INSTRUCTIONS TO FOLLOW: Please set down exactly the lines of the listing below from the line containing "Close-up of hand" through the line containing "2 Bedroom 1", both lines included, leaving out all other lines.

RECORDS SUPPLIED:
'''

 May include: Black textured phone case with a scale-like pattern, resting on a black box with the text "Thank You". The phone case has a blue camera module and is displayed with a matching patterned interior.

'''
'''

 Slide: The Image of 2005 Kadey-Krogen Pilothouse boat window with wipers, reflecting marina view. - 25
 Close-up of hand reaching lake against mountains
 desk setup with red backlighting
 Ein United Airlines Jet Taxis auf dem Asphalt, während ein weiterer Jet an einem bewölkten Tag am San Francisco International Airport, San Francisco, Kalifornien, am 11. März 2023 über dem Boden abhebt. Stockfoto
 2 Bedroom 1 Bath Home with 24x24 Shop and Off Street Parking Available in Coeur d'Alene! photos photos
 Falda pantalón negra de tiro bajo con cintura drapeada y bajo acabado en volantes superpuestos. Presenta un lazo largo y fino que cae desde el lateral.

'''
'''

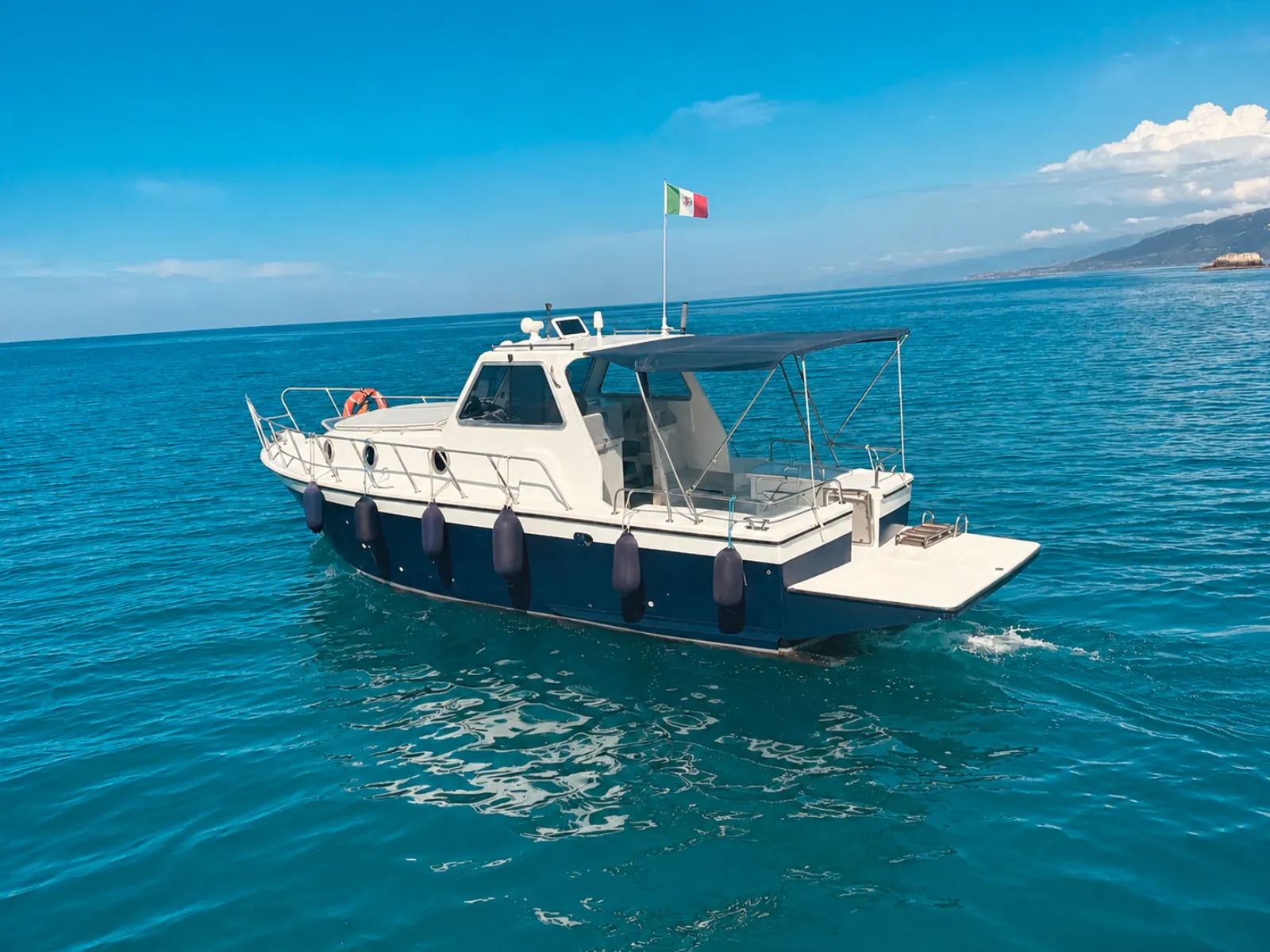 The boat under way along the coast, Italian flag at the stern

'''

ANSWER FOR THE TASK:
 Close-up of hand reaching lake against mountains
 desk setup with red backlighting
 Ein United Airlines Jet Taxis auf dem Asphalt, während ein weiterer Jet an einem bewölkten Tag am San Francisco International Airport, San Francisco, Kalifornien, am 11. März 2023 über dem Boden abhebt. Stockfoto
 2 Bedroom 1 Bath Home with 24x24 Shop and Off Street Parking Available in Coeur d'Alene! photos photos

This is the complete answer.